Amazon killed the book of the month club, and now they are bringing it back.

On Tuesday Amazon launched a new subscription service called  Prime Book Box.

From Techcrunch:

The company now has a new product called Prime Book Box, a subscription service for children’s hardback books, selected by Amazon editors, sold as part of its Prime membership tier. You can register now for an invite for when it starts to ship later this year, starting in the U.S.

Pricing is $22.99 per box, which Amazon says works out to 35 percent below the cumulative list price for the books, and you can subscribe for books to come in one-, two- or three-month intervals.

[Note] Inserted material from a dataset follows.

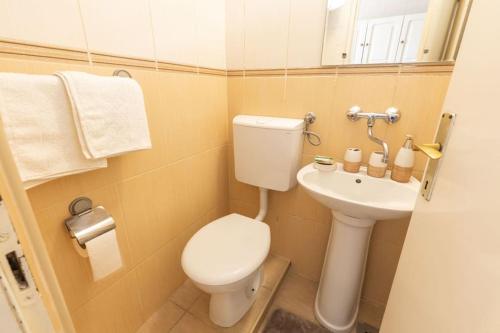 Baño pequeño con aseo y lavamanos en Sole Solei apartman 2 - Meljine, en Meljine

Books are divided up by age groups of baby-two years, three-five years, six-eight years and nine-12 years, with sample titles including If Animals Kissed Good NightA Sick Day for Amos McGeeThe Willoughbys, and Arlo Finch in the Valley of Fire.

All books are hardcover, and you can opt either four board books for kids 2 and younger, or two picture books or novels for older children.

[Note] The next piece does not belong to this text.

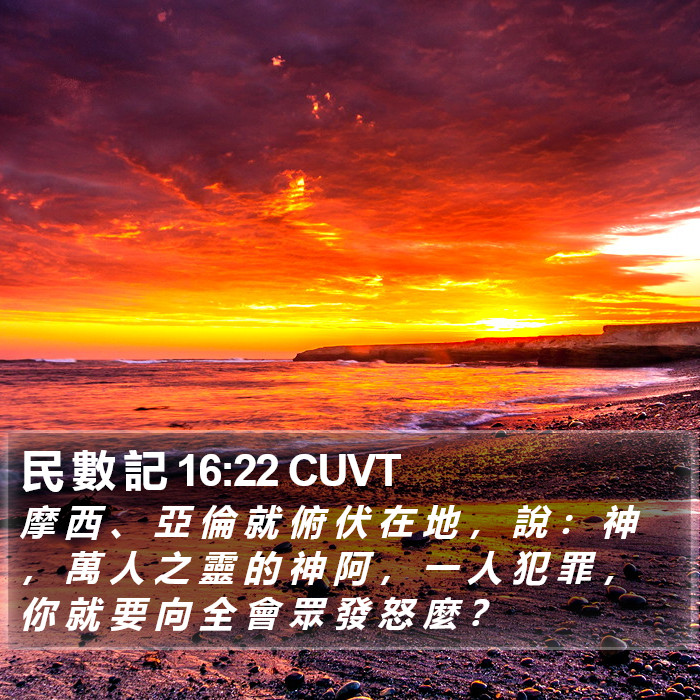 民 數 記 16:22 CUVT Bible Study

The service is launching later this year.

Similar Articles


Comments


DaveMich May 1, 2018 um 3:43 pm

You can’t blame them for trying, but someone else already has a lock on this and has had it for many decades.

https://clubs.scholastic.com/

Nate Hoffelder May 1, 2018 um 4:13 pm

you are underestimating Amazon’s ability to cross-promote – this is going to do a lot of business


DaveMich May 1, 2018 um 6:01 pm

Perhaps I am, however pretty much every grade school child receives multiple scholastic flyers from their teacher every school year, and they don’t sign up for them or commit to anything. The books are carefully targeted to specific grade levels and very reasonably priced. Scholastic finesses shipping by sending books for hundreds of orders to a single drop point – the school. Scholastic also comes to the school twice a year for a "book fair" of their titles which is set up (usually) in the school library. Teachers and librarians get books as a kickback for student sales.

Amazon will certainly flog it, and some people will sign up, but, as a parent, when I consider my normal book spend (scholastic, library, kindle) this just doesn’t quite make the cut. Just sayin'.


Anne Marble May 2, 2018 um 7:42 am

The Book of the Month Club did survive the Internet era. I didn’t realize it was still around until I starting seeing their ads on Facebook, and even TV. Apparently they’re doing quite well, and using social media, website extras such as discussion forums, etc.

They have adapted how they run the program — IIRC there’s a monthly fee that rolls over if you don’t want any of the books. Also, you’re picking from a smaller pool of selections. When I belonged in the Dark Ages, you picked selections from a monthly paper catalog. Now you pick from just a few books, probably from the website.

Nate Hoffelder May 2, 2018 um 7:47 am

yes, I overstated the case – "withered" would probably be a better description


What All the Coverage Missed About Amazon's New Prime Book Box Service | The Digital Reader May 3, 2018 um 2:59 pm

[…] I did make the connection between the new service and book of the month clubs even I missed the fact that Amazon is going up […]


Marilynn Hopman June 3, 2021 um 6:56 pm

I just received an Amazon book of the month club membership as a birthday gift from my sister.
It was a surprise to me. What are the procedures for getting the six books. I would assume
a member gets to order one book per month.